Wednesday, January 16, 2013

Back in the saddle for now -- and agreeing with Sen Tester?

Well, it has been a bit since I've posted. Funny how easily one can get used to not writing something three times a week. It was a full Christmas season, jam-packed with family, church, music, and life. Depression over the state of the nation has faded into irrelevance, and we didn't go over the taxation "fiscal cliff" as I had expected. One takes one's comforts where one can find them.

I really haven't been following much regarding the legislature, but I noted that I was somewhat in agreement with Sen. Jon Tester in his remarks to the Montana legislature. Not about all of that bipartisan stuff -- when Democrats say "bipartisan" they usually mean "go along with what we think." And not about his grandstanding on "Citizen's United" and all that. But this line:

Don’t focus on division and distraction.

We have already seen some goofy stuff -- the ever-reliable Jerry O'Neil wanting to be paid in gold, for instance. Or how about Sen. Jason Priest's suggestion to shrink the size of the Montana legislature? Neither thing is particularly harmful. It is just the kind of silly stuff that the Montana press loves to write about -- and why not? It makes for great theater.

Just once I'd love to see a hard-nosed Republican majority go to work on an exclusively economic, legal, and regulatory agenda made up of common-sense stuff that would be difficult to assail from the left.

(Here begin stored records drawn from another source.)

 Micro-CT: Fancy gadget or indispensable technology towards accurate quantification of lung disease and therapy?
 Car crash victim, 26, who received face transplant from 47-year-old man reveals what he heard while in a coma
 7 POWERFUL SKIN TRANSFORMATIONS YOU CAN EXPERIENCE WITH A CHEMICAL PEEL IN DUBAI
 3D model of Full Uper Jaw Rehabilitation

We have a Democratic U.S. Senator addressing the Montana legislature saying that at the federal level, every spending program needs to be on the table -- i.e. the chopping block. Let's have a Republican legislature put that into play. Put every department and every expensive program on the table here in our state. Do some significant (but not over-the-top) trimming, and quote Sen. Tester at every turn about how everything needs to be "on the table." Let the opposition howl and be the ones to be unreasonable for a change.

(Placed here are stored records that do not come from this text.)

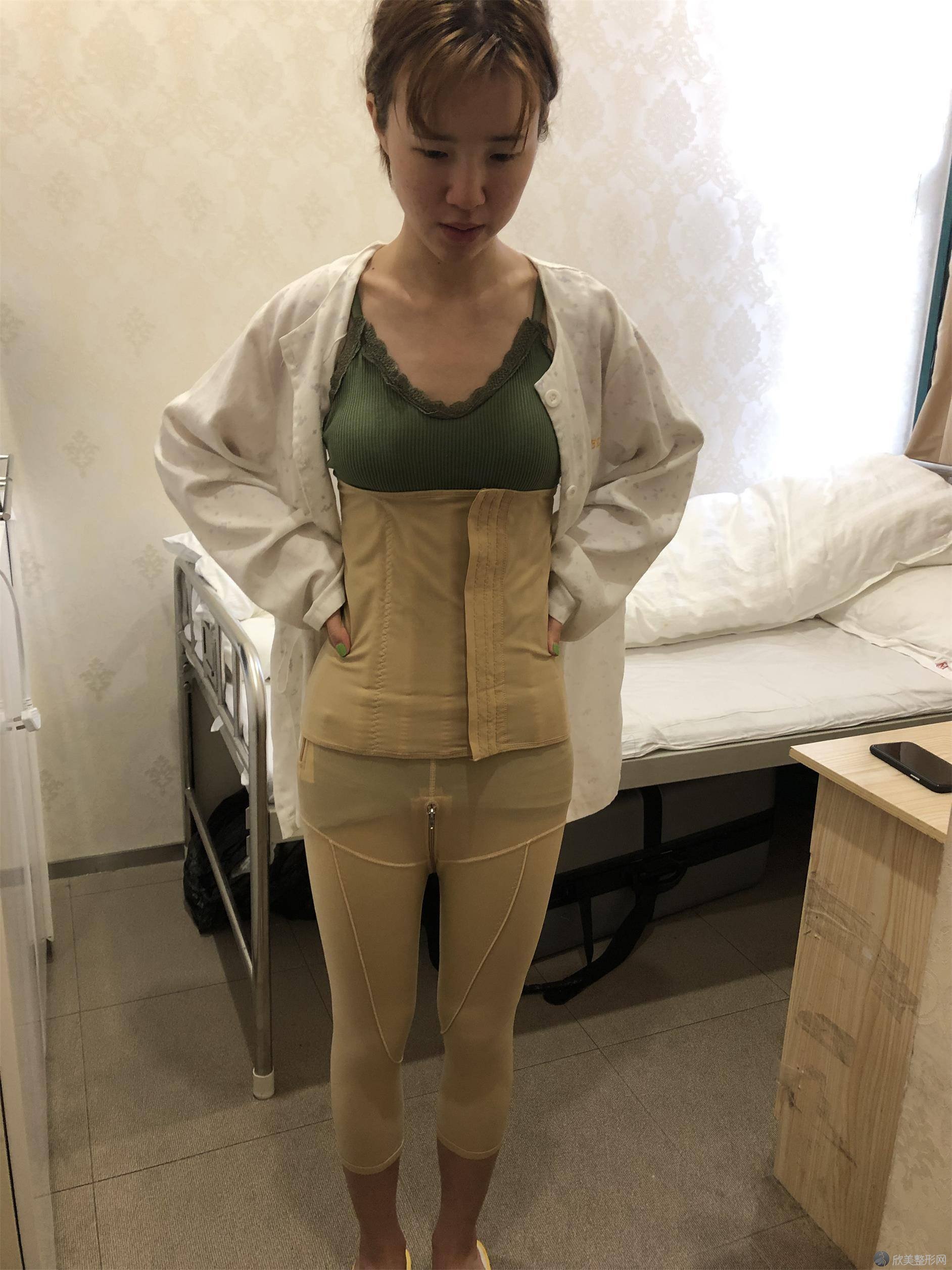 泰安女兵美容整形外科诊所黄建涛做吸脂瘦腰部怎么样？附医生简介-吸脂瘦腰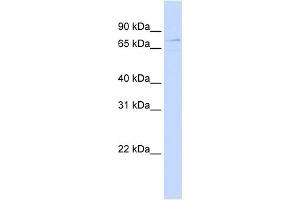 WB Suggested Anti-ZBTB3 Antibody Titration:  0. (ZBTB3 anticorps  (Middle Region))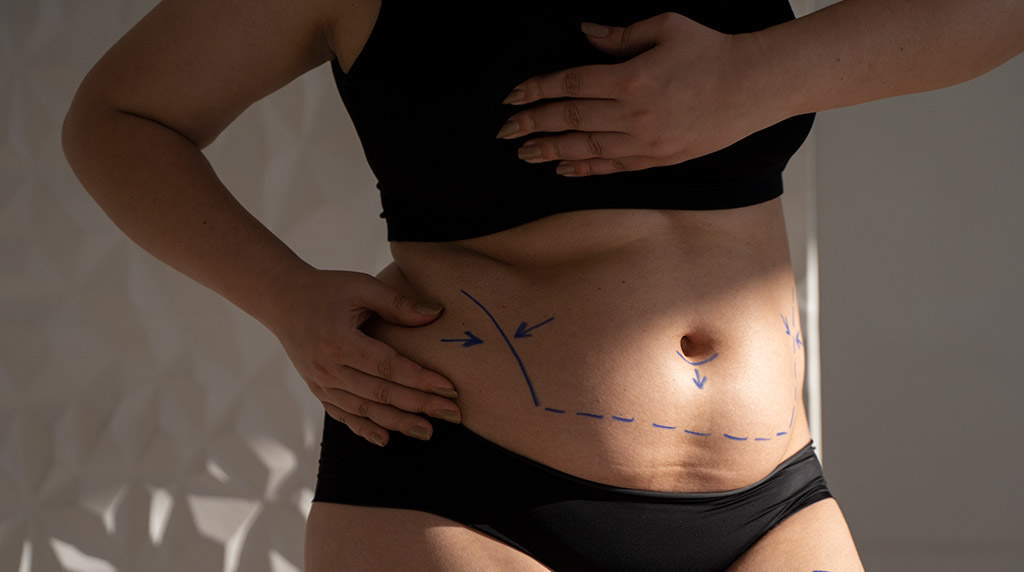 tummy tuck abdoinoplasty cincinnati ohio 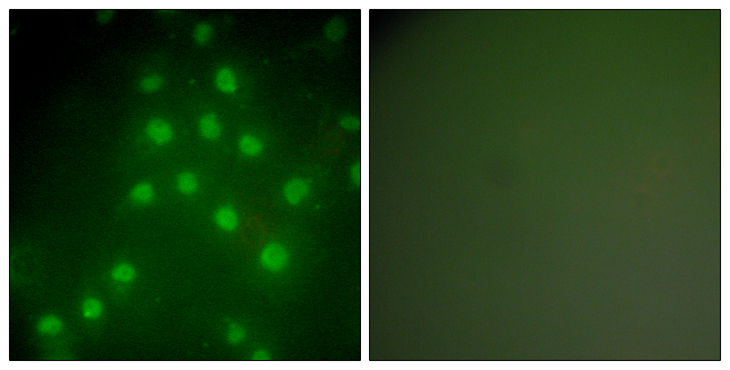 HDAC9 Antibody - Immunofluorescence analysis of HepG2 cells, using HDAC9 Antibody. The picture on the right is blocked with the synthesized peptide.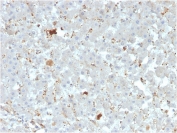 IHC staining of FFPE human liver carcinoma with APOAIV antibody. HIER: boil tissue sections in pH 9 10mM Tris with 1mM EDTA for 20 min and allow to cool before testing.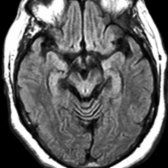 Axial FLAIR MR in the same patient shows the tectal plate is extremely thin
, the lateral aspects of the midbrain are concave
(morning glory sign), and the cerebral peduncles
are atrophic.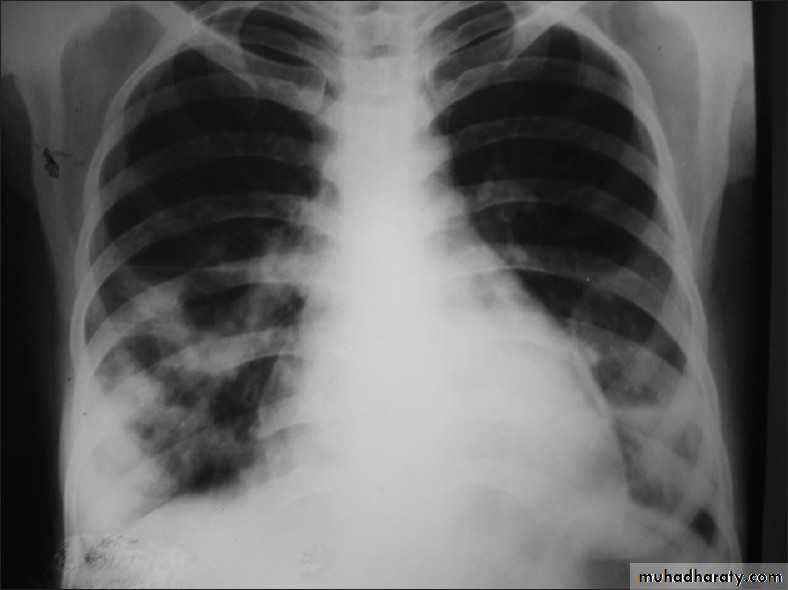 Respiratory
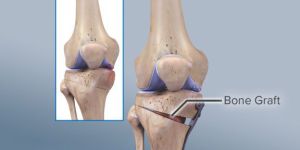 Osteoarthritis Treatment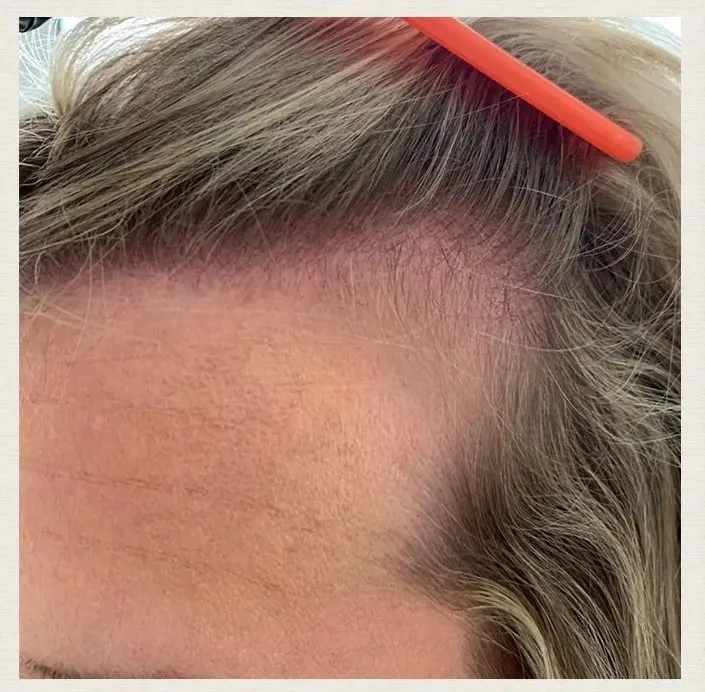 Before treatment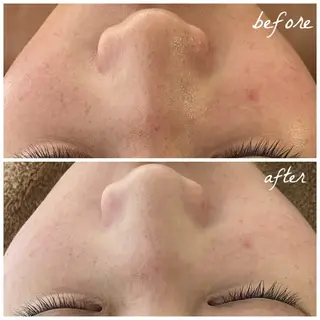 メンズ メナード岐阜茜部 杉浦のエステ・リラクイメージ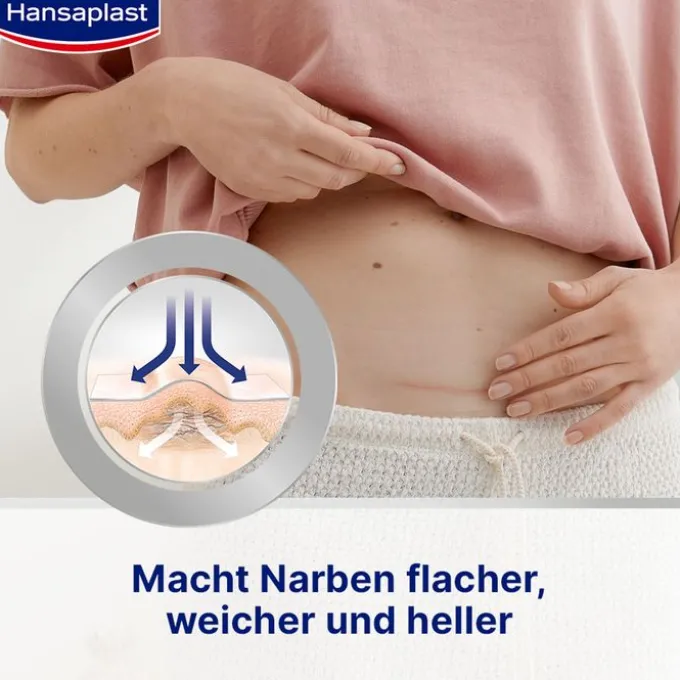 HANSAPLAST Pflaster zur Behandlung von Narben XL 21 St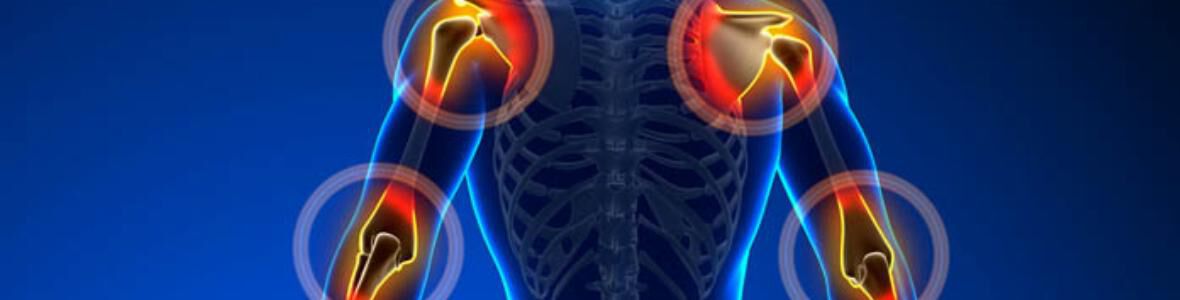 Neues aus der Rheumatologie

Leave the controversial and divisive social issues alone for a term. Leave at home, for once, those items that amount to nothing more than picking fights or picking nits regarding battles lost long, long ago. (Yes, I'm talking about you, Rep. O'Neil.)

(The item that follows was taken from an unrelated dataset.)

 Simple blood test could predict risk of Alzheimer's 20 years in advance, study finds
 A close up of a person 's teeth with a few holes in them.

The truth of the matter is that if Republicans take Sen. Tester's admonition to heart and "don't focus on division and distraction," the big winner would be the Montana Republican Party. Surely Sen. Tester knows this -- which means that he is serenely confident that a sizable number of Montana GOP legislators will ignore his advice and proceed to shoot themselves and their party in the foot. I wish I didn't share his confidence...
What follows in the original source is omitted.